● Caption-style text data:
BEGIN
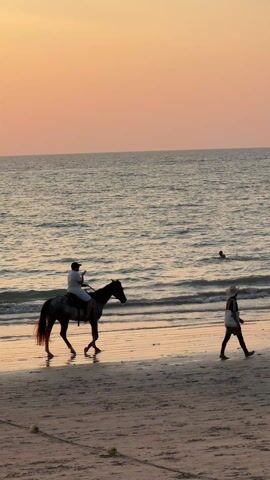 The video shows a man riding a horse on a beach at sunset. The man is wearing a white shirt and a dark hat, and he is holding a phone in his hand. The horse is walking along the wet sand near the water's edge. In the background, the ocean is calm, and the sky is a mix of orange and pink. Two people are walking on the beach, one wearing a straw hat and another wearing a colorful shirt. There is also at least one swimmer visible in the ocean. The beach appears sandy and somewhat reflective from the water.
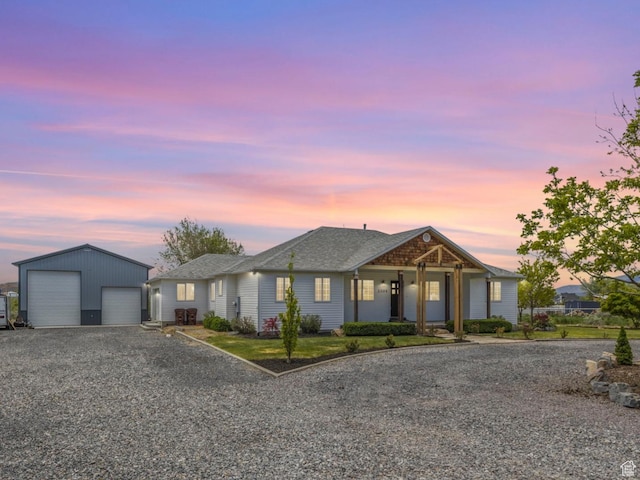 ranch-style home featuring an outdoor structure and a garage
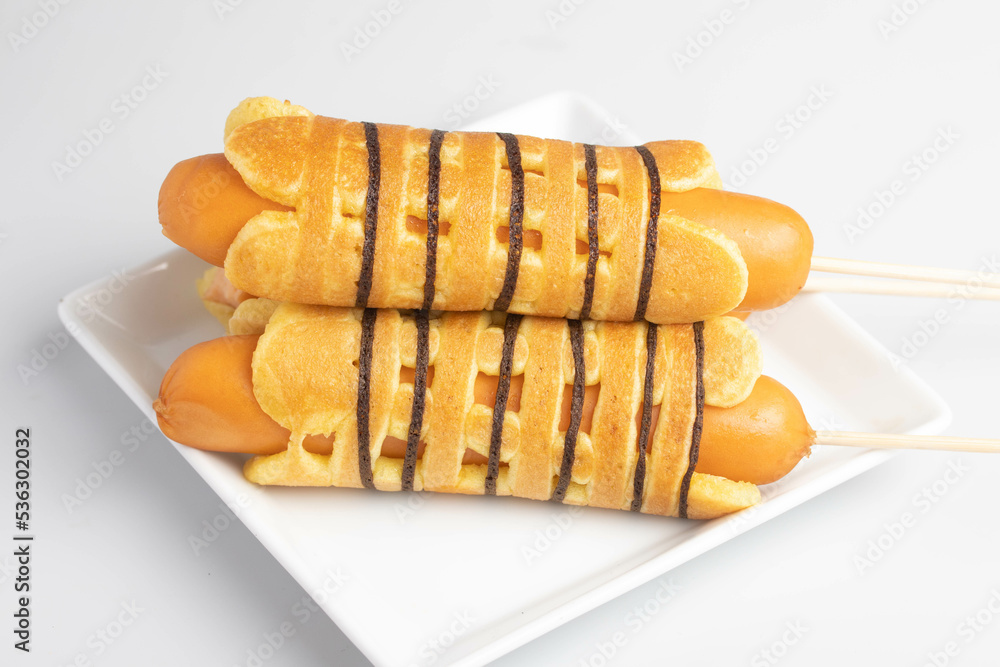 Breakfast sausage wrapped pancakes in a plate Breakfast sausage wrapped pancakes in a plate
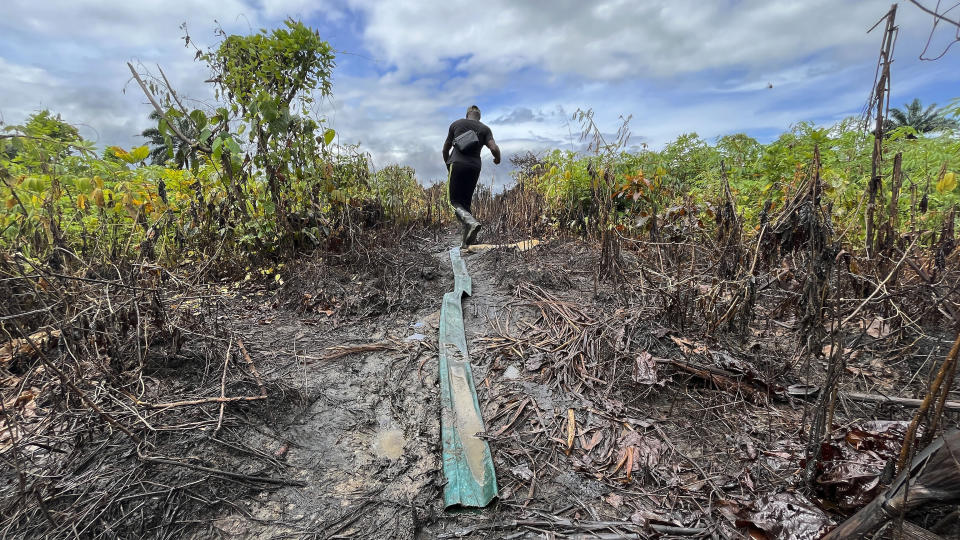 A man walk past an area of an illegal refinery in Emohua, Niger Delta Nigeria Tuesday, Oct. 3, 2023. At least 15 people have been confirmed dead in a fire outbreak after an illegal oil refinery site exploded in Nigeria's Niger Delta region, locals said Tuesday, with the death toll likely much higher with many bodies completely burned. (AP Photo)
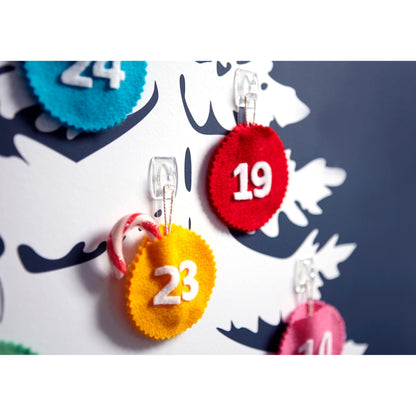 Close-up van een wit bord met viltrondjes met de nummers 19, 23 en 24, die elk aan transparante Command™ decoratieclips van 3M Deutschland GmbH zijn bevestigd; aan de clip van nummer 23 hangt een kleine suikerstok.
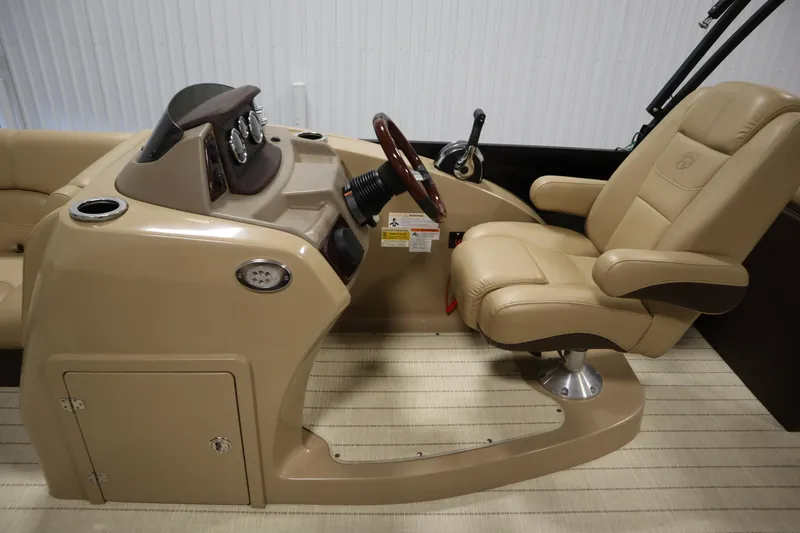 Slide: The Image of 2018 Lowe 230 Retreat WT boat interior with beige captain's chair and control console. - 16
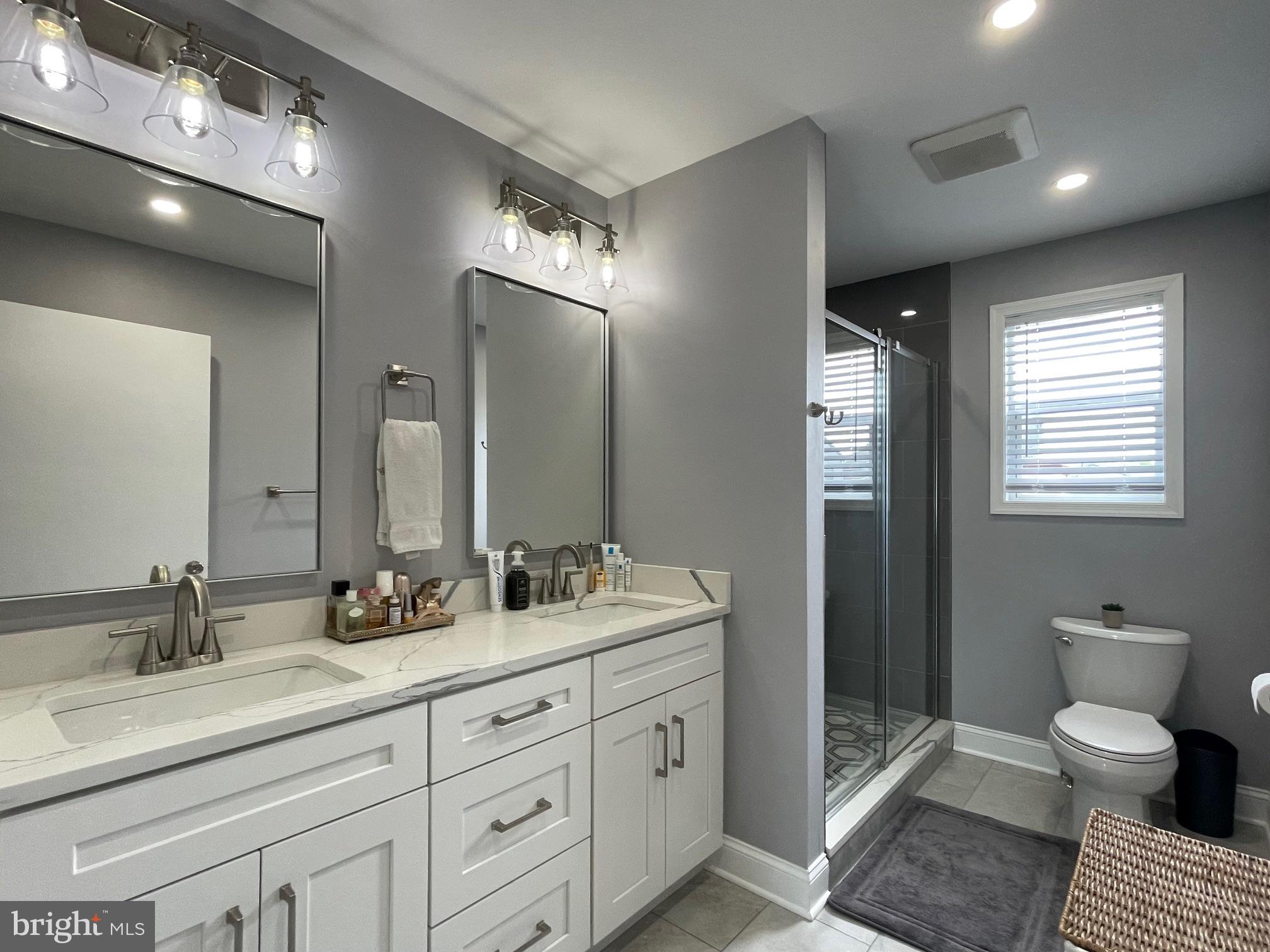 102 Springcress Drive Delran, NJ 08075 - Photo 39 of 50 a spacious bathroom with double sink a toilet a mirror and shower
END
From the line containing "A man walk past" through the last line of the entries, both included, print each line exactly and omit any picture.

 A man walk past an area of an illegal refinery in Emohua, Niger Delta Nigeria Tuesday, Oct. 3, 2023. At least 15 people have been confirmed dead in a fire outbreak after an illegal oil refinery site exploded in Nigeria's Niger Delta region, locals said Tuesday, with the death toll likely much higher with many bodies completely burned. (AP Photo)
 Close-up van een wit bord met viltrondjes met de nummers 19, 23 en 24, die elk aan transparante Command™ decoratieclips van 3M Deutschland GmbH zijn bevestigd; aan de clip van nummer 23 hangt een kleine suikerstok.
 Slide: The Image of 2018 Lowe 230 Retreat WT boat interior with beige captain's chair and control console. - 16
 102 Springcress Drive Delran, NJ 08075 - Photo 39 of 50 a spacious bathroom with double sink a toilet a mirror and shower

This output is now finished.